E3SM-Project / E3SM

Energy Exascale Earth System Model source code. NOTE: use "maint" branches for your work. Head of master is not validated.
https://docs.e3sm.org/E3SM
Other
346 stars 353 forks source link

Pre-defined PE layouts are broken for NA RRM AMIP runs with maint-2.0 #5025

Open tangq opened 2 years ago

tangq commented 2 years ago

We need to start the v2 NARRM AMIP runs with high-frequency output very soon for the RRM overview paper. When testing it on chrysalis, the pre-defined M and L layouts got errors:

Model mpassi missing file graph64 = '/lcrc/group/e3sm/data/inputdata/ice/mpas-cice/WC14to60E2r3/mpas-seaice.graph.info.200714.part.64'

The v2 NARRM AMIP runs with standard output were tested successfully with both M and L layouts on chrysalis.
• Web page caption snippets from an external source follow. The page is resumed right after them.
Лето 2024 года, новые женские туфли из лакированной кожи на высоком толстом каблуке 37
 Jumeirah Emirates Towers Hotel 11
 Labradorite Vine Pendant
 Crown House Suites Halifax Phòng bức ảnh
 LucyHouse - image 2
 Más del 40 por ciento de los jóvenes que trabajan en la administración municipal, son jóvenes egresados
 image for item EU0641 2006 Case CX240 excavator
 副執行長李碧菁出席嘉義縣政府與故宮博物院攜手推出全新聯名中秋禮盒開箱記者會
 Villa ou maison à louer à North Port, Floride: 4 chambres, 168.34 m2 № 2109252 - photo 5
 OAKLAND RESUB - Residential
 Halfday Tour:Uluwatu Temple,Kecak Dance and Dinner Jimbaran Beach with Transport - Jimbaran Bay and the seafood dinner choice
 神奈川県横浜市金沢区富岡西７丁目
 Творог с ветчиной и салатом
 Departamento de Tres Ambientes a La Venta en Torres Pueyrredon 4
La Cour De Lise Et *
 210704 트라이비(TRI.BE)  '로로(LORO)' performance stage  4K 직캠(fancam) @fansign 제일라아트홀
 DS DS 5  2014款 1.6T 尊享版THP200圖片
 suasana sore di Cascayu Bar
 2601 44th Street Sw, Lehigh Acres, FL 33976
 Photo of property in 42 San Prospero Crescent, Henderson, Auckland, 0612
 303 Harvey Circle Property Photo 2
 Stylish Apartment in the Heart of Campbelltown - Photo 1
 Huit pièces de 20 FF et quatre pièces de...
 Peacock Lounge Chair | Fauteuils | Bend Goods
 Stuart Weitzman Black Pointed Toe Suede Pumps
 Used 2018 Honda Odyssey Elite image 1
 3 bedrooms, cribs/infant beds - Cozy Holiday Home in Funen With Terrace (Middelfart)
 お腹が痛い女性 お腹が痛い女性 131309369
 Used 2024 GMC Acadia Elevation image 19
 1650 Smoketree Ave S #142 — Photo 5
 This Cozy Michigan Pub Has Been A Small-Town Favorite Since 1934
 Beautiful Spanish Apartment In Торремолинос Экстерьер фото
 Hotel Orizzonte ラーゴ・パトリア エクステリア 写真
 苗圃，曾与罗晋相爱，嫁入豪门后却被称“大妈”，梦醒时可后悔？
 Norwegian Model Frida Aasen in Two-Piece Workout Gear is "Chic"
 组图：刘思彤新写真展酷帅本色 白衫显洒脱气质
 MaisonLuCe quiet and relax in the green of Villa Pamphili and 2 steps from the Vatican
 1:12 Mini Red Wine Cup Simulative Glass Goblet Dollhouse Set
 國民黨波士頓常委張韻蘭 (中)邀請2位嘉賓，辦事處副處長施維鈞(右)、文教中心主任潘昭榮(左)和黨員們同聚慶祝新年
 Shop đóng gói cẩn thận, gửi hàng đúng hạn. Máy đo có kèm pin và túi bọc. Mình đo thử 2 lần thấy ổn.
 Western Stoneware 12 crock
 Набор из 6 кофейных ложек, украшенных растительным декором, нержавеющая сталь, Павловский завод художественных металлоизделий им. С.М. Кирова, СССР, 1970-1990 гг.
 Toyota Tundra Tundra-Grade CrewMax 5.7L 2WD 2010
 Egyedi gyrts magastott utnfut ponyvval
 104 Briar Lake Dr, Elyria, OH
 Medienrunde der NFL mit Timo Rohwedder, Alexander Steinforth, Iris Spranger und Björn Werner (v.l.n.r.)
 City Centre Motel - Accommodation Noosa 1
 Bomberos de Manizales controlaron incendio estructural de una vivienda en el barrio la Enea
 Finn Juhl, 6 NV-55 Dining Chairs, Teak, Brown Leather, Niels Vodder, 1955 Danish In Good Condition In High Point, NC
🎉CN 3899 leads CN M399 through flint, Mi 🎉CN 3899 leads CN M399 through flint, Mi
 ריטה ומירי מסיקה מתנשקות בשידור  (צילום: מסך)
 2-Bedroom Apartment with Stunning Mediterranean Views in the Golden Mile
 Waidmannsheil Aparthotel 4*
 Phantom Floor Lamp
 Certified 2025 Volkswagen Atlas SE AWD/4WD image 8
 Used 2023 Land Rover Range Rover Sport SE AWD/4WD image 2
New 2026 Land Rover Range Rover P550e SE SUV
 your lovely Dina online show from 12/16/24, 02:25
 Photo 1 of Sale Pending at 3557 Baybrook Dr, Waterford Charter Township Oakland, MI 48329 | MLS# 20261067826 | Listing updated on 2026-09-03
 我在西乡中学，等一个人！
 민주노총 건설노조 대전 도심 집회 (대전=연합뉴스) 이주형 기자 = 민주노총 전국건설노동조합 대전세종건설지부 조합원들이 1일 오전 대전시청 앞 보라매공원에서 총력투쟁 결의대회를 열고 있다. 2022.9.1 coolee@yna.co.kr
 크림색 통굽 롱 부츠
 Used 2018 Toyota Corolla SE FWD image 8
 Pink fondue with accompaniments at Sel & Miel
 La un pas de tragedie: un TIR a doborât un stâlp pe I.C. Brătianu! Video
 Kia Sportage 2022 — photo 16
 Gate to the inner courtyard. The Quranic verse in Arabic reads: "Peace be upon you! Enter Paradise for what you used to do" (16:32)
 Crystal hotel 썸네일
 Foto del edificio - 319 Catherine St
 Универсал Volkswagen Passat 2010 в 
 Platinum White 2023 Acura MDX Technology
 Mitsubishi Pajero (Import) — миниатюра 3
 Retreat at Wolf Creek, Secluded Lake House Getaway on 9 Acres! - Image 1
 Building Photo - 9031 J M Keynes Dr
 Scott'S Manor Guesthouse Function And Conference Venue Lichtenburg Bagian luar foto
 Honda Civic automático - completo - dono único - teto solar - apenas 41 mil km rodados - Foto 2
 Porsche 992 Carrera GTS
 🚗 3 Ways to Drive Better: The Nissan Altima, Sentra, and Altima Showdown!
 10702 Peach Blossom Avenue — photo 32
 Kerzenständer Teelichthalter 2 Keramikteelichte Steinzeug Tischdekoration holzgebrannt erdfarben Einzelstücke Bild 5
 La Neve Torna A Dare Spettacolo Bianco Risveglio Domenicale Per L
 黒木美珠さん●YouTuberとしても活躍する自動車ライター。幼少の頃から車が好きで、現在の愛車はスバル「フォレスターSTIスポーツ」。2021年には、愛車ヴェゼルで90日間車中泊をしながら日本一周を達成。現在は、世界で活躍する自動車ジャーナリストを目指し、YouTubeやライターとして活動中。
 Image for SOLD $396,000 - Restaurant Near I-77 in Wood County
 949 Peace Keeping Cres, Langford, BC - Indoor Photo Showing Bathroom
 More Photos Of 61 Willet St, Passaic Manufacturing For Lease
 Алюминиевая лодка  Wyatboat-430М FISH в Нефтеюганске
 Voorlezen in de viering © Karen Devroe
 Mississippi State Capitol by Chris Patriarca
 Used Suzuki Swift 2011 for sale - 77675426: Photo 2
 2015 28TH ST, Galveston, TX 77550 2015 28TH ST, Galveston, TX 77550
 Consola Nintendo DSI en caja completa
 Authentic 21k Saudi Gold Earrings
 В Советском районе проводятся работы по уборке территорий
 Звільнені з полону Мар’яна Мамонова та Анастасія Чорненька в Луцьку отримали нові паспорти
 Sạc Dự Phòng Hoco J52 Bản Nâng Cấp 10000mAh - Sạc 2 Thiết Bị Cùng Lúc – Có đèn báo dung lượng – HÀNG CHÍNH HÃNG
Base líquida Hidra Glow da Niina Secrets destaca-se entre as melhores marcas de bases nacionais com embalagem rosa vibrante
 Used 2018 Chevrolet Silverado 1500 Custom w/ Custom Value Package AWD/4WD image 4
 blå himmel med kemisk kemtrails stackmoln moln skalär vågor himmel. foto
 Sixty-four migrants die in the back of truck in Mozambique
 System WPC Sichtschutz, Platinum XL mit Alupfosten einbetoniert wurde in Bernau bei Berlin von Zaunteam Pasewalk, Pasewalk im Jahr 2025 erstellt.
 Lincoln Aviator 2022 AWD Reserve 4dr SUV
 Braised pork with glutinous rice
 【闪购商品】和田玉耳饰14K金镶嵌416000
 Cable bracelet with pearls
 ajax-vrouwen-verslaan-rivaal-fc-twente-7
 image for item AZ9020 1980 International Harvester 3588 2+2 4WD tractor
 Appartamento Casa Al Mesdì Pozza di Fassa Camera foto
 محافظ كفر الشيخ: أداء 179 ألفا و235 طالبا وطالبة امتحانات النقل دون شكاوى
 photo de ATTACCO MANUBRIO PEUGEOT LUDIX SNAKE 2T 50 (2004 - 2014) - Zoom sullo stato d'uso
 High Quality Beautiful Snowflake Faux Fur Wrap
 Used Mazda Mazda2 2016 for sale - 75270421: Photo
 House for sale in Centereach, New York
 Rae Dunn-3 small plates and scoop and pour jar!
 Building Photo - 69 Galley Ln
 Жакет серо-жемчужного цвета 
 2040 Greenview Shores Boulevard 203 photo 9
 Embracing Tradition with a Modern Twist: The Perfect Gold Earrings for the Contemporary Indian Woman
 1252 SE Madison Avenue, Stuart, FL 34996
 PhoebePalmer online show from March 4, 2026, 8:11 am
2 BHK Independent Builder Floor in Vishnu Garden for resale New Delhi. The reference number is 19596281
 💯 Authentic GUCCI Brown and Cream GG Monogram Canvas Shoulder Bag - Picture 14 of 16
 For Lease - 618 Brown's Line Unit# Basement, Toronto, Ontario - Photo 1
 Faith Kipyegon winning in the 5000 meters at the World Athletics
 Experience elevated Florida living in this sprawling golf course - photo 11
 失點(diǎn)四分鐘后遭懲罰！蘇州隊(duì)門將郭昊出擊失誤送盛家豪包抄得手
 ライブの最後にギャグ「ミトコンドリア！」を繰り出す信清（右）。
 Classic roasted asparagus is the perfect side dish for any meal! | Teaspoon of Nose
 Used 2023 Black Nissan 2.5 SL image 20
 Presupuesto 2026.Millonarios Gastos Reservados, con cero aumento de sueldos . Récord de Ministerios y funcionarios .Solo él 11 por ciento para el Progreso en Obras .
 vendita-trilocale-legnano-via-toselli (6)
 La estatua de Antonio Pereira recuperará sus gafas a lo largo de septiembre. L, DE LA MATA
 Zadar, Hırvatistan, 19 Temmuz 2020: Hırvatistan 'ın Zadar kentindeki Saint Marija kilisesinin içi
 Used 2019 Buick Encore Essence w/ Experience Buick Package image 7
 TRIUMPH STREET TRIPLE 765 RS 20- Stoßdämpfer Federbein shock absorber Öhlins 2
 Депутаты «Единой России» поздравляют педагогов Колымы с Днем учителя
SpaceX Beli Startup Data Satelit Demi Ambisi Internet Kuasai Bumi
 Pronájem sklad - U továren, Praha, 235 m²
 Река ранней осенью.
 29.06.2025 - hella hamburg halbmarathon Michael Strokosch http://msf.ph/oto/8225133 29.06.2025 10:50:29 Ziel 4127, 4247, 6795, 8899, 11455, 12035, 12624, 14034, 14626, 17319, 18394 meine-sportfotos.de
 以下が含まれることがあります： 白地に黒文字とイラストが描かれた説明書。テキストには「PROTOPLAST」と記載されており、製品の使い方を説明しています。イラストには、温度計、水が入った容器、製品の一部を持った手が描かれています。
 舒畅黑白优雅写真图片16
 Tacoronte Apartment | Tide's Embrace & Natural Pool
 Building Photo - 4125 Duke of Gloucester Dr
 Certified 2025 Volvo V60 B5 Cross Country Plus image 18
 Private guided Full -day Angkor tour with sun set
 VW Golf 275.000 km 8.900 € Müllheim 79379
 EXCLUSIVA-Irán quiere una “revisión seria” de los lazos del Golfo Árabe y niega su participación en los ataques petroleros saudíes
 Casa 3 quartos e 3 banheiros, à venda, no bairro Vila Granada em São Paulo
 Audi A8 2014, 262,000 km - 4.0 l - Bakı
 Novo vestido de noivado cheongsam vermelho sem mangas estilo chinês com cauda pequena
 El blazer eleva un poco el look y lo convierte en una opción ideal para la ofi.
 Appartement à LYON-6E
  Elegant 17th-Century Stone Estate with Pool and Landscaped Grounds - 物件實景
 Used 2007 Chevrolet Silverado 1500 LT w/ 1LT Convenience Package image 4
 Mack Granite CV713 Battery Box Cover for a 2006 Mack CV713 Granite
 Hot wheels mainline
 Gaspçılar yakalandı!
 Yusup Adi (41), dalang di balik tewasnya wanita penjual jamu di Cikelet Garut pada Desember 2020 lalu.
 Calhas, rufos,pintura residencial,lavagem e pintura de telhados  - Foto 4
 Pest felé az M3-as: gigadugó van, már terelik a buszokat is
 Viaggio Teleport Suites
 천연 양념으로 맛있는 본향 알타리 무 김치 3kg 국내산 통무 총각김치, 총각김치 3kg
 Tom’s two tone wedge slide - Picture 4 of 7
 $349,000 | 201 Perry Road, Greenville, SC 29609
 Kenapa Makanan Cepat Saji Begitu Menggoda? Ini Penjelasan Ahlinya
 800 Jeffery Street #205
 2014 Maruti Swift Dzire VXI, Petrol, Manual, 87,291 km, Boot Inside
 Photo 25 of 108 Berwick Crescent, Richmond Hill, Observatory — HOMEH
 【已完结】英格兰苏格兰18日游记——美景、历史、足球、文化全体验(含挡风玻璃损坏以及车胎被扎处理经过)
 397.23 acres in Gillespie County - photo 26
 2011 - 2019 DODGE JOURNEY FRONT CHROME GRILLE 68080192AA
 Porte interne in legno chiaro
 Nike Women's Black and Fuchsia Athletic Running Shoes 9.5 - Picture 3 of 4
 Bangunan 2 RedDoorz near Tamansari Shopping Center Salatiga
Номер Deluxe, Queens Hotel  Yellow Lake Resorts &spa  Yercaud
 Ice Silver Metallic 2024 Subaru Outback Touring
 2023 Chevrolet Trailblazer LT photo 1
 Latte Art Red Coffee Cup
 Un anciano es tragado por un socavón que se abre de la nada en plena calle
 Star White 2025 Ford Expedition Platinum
Failed tests: /lcrc/group/e3sm/ac.qtang/E3SMv2/old/v2.NARRM.amip_0101_bonus/tests Successful tests: /lcrc/group/e3sm/ac.qtang/E3SMv2/v2.NARRM.amip_0101/tests

Differing env_mach_pes.xml shows differences below:

diff /lcrc/group/e3sm/ac.qtang/E3SMv2/v2.NARRM.amip_0101_bonus/tests/M_2x5_ndays/case_scripts/env_mach_pes.xml /lcrc/group/e3sm/ac.qtang/E3SMv2/v2.NARRM.amip_0101/tests/M_2x5_ndays/case_scripts/env_mach_pes.xml 
26c26
<   <comment>none</comment>
---
>   <comment> fmod030c64x1 s=6.2 </comment>
28c28
<     <entry id="COST_PES" value="64">
---
>     <entry id="COST_PES" value="1920">
32c32
<     <entry id="TOTALPES" value="64">
---
>     <entry id="TOTALPES" value="1920">
62,69c62,69
<         <value compclass="ATM">-1</value>
<         <value compclass="CPL">-1</value>
<         <value compclass="OCN">-1</value>
<         <value compclass="WAV">-1</value>
<         <value compclass="GLC">-1</value>
<         <value compclass="ICE">-1</value>
<         <value compclass="ROF">-1</value>
<         <value compclass="LND">-1</value>
---
>         <value compclass="ATM">1920</value>
>         <value compclass="CPL">1920</value>
>         <value compclass="OCN">1920</value>
>         <value compclass="WAV">1</value>
>         <value compclass="GLC">1</value>
>         <value compclass="ICE">1920</value>
>         <value compclass="ROF">1920</value>
>         <value compclass="LND">1920</value>
78,84c78,84
<         <value compclass="ATM">64</value>
<         <value compclass="OCN">64</value>
<         <value compclass="WAV">64</value>
<         <value compclass="GLC">64</value>
<         <value compclass="ICE">64</value>
<         <value compclass="ROF">64</value>
<         <value compclass="LND">64</value>
---
>         <value compclass="ATM">1920</value>
>         <value compclass="OCN">1920</value>
>         <value compclass="WAV">1</value>
>         <value compclass="GLC">1</value>
>         <value compclass="ICE">1920</value>
>         <value compclass="ROF">1920</value>
>         <value compclass="LND">1920</value>
ndkeen commented 2 years ago

I see this is on chrysalis. Do we know if there is a testname that can reproduce this RRM? I don't see one in cime/config/e3sm/tests.py

tangq commented 2 years ago

@ndkeen , good question - I am not sure if the NA RRM configurations used in the E3SMv2 production runs are tested routinely or not.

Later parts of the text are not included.